How employee stress puts your organisation at risk

Stress has now moved up to be the single biggest source of sickness absence, and FDs can no longer afford to ignore its blight, says Stephanie Spicer

Without resources spent on managing stress, organisations will increasingly find themselves financially
losing out as workers fall foul of the un-addressed pressures of work. Stress in the workplace impacts on productivity, customer service, creativity, decision making, as well as training, absence and recruitment costs.

Cary Cooper, professor of occupational psychology and health at Lancaster University, says there are three key facts FDs need to heed: “Firstly, stress has now passed backache and musculo-skeletal as the biggest single source of sickness absence. Secondly, stress and mental ill-health now represents 40% of all incapacity benefit. And thirdly, staff are now suing their employer for stress at work, and case costs are averaging £250,000.”

Still it is acknowledged there is a haze over the issue of stress and whether it sits within the finance director’s remit or elsewhere. Tony Urwin, general manager, Bupa Psychological Services, says, “Finance directors always like to see a very scientific and absolute number before they will recognise a problem. Unfortunately, [as with] issues like job satisfaction and organisational commitment, it is very hard to put a direct cost on it. But that doesn’t mean [there] is no impact.”

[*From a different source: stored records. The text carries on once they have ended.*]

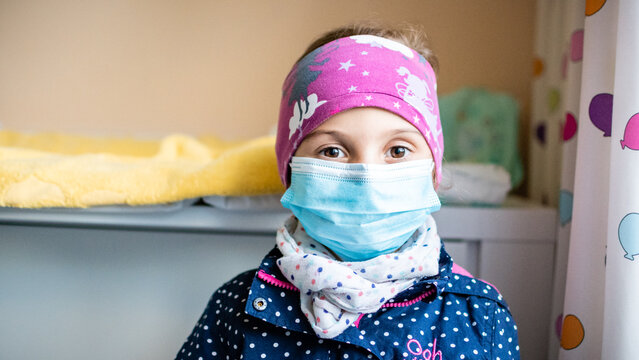 Kind mit Mundschutz im Krankenhaus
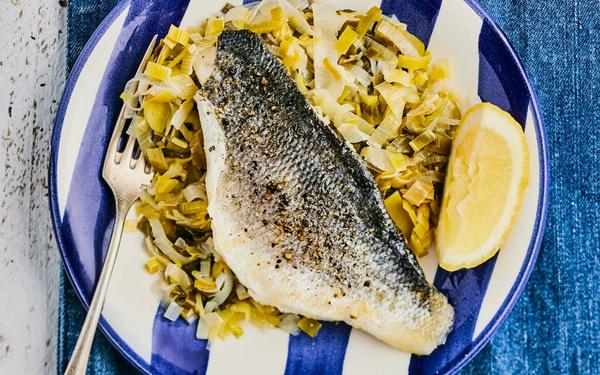 Filet de bar au beurre citronné sur un lit de poireaux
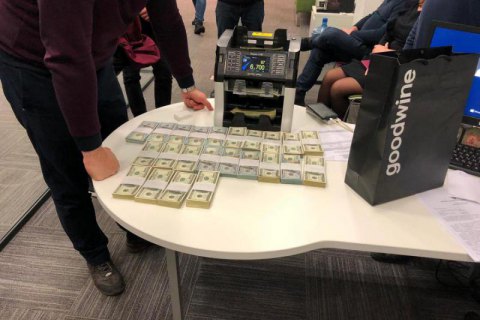 Начальник порту "Чорноморськ" "погорів" на $250 тис. хабара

According to the latest CBI/Axa Absence survey the estimated cost of sickness absence in the UK is £13.2bn . In 2007 the average direct cost of absence was £517 per employee – or 3.1% of payroll – which includes lost production and the expense of covering absence with temporary staff or overtime. The CBI also estimates that for indirect costs – such as lower customer satisfaction – you should add another £263 per employee per year. When these indirect costs are added to the direct cost, the UK lost £19.9bn to absence in 2007. Non-work-related stress, anxiety and depression was the most significant cause of long-term absence among non-manual staff.

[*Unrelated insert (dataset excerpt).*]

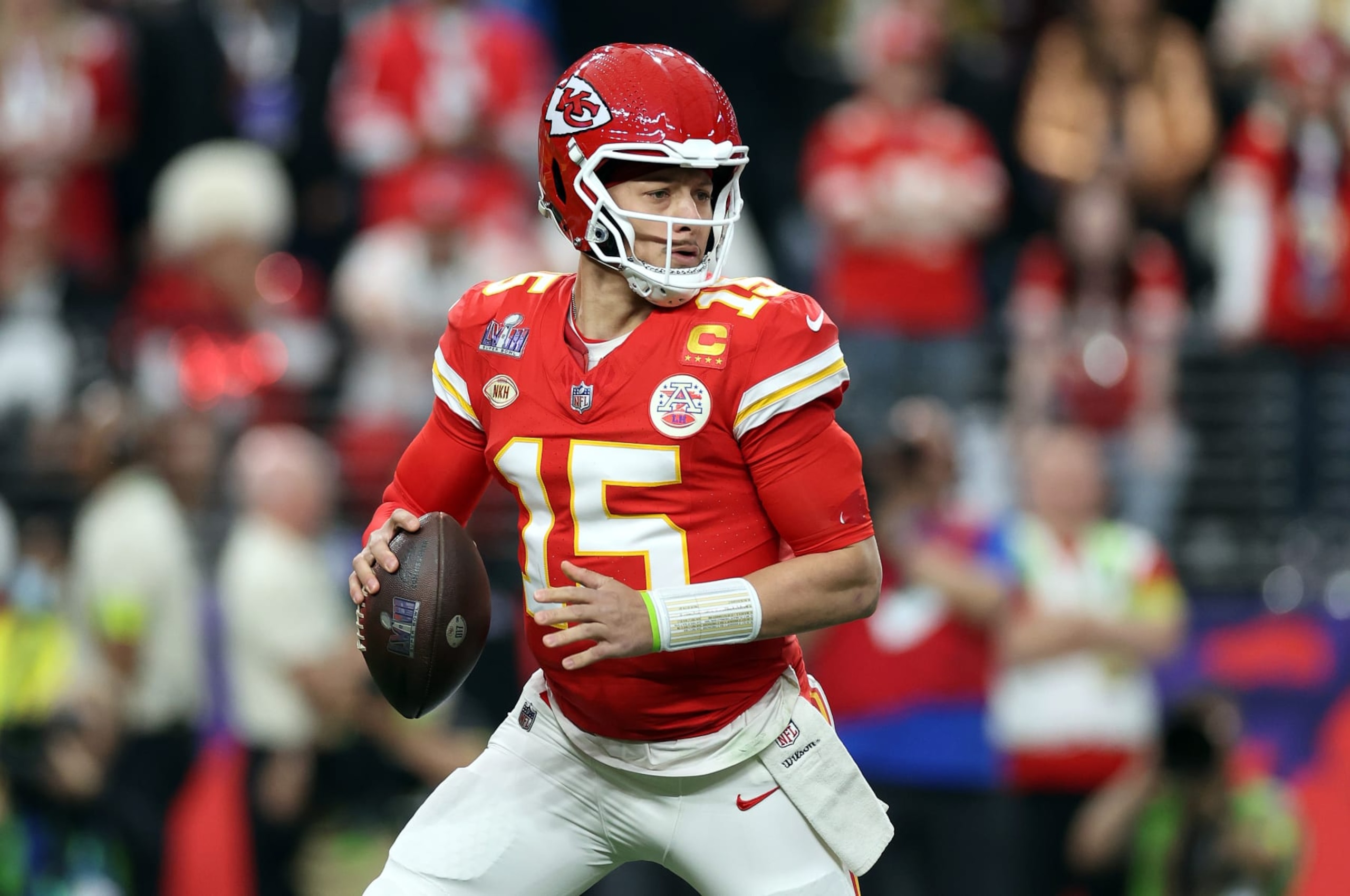 LAS VEGAS, NEVADA - FEBRUARY 11: Patrick Mahomes #15 of the Kansas City Chiefs looks to pass in the first quarter against the San Francisco 49ers during Super Bowl LVIII at Allegiant Stadium on February 11, 2024 in Las Vegas, Nevada. (Photo by Ezra Shaw/Getty Images)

Dudley Lusted, head of corporate healthcare development at Axa PPP, says: “Long-term absence – which is mainly due to stress, anxiety and depression and to back pain and other musculo-skeletal disorders – is still a big problem, accounting for 40% of lost working time.”

A key hurdle for managers to get across is the meaning of stress. The Health and Safety Executive (HSE) defines stress as “the adverse reaction people have to excessive pressure or other types of demand placed upon them”.

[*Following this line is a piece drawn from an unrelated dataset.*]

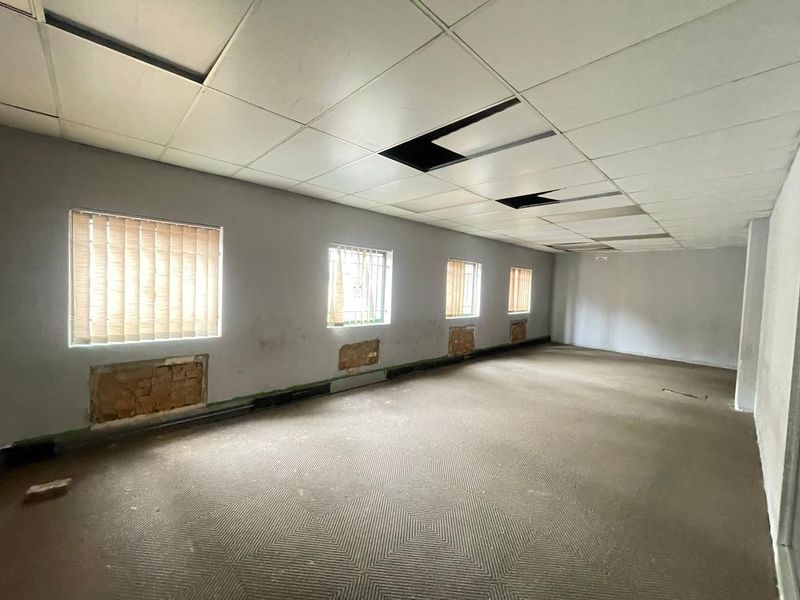 Commercial Property To Rent in Kleinfontein, Benoni - Photo 3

There is often talk of stress being a good thing, but as the graph on page 20 shows, the level of stress is a key and potentially negative factor, ultimately affecting performance and health. According to Guy Suttor, director of Medical Biology Interactive and an honourary lecturer at the University of Nottingham Medical School, writing in People Management: “Chronic psychological stress appears to have serious effects on various neuron populations in the brain, probably because of the high levels of the hormone cortisol secreted into the bloodstream when the body is ready for ‘fight or flight’”.

In 1915 US physiologist Walter Cannon expounded this animal response to threat, as an hormonal trigger increasing heart rate and blood pressure, with more oxygen and sugar flowing to muscles. To focus on the threat was useful to cave men escaping from salivating sabre teeth, however, in today’s office environment this response makes it difficult to concentrate and make decisions.

Suttor says: “Stress can impair learning, attention and memory. Recent studies have also found that particular chemicals, for example, C-reactive protein, are released in response to stress, with negative effects on working memory.”

Another stress theory which reflects more on long term exposure to stress comes from Viennese doctor Hans Selye whose General Adaptation Syndrome (GAS) followed three stages of stress: alarm or shock, adaptation and exhaustion. It will be at the latter stage illness can happen.

But Urwin, says many FDs don’t acknowledge stress exists and is a problem. “Without them doing that there is not a lot they can or will do about it obviously. It is more likely directors will feel the absence costs but they may not recognise it as stress. There are a lot of less measurable impacts, such as the level of customer service someone might be giving, or the impact on decision-making and the quality of that decision-making. One of the big impacts of stress is the way it impacts their reasoning, their ability to problem solve and think ahead and be creative. There is also a direct impact on everyone else in the workplace in terms of morale or other staff having to pick up the additional workload.”

The last thing any organisation needs is a key employee or senior executive making a poor or even bad business decision due to the stress they are under.

In addition, there are plenty of points of legislation under which employers have a requirement to ensure employee health, and under which employees can have legal recourse.

Under the Health & Safety at Work Act 1974, employers must provide a safe and healthy workplace, which also means ensuring against work-related stress illnesses.The Management of Health & Safety at Work Regulations 1999 requires employers to be more active about identifying risks.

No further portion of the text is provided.